On 21 April 2005, Tetzchner proclaimed at an internal meeting of Opera Software that if the download numbers of the browser's new version Opera 8 reached one million within four days, he would swim across the Atlantic Ocean from Norway to the United States. Two days later, on the 23rd, the downloads reached 1,050,000 and Tetzchner had to fulfill his challenge. The Opera site covered the swim and his quick failure.

Under his leadership, Tetzchner turned Opera Software into a global company with more than 750 employees in 13 countries. Opera Software was an early pioneer in mobile web browser and more than 350 million people use Opera.

In January 2010, Tetzchner stepped down as Chief Executive Officer of Opera Software, but he continued to serve the company as a strategic adviser.

In June 2011, Tetzchner announced that he was leaving Opera Software over disagreements with management.

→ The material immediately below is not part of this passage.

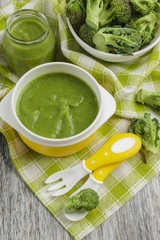 Fresh broccoli in the bowl, and portion of puree made from crushed broccoli, blurred background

== Vivaldi Technologies ==

In December 2013, Tetzchner founded the company Vivaldi Technologies and launched the online community site vivaldi.net, which includes a forum, blogs, chat, photo sharing and a free email service named Vivaldi Webmail.

On 27 January 2015, Vivaldi Technologies announced the release of its new web browser Vivaldi. Its 1.0 version came out in April 2016. Vivaldi is self-funded.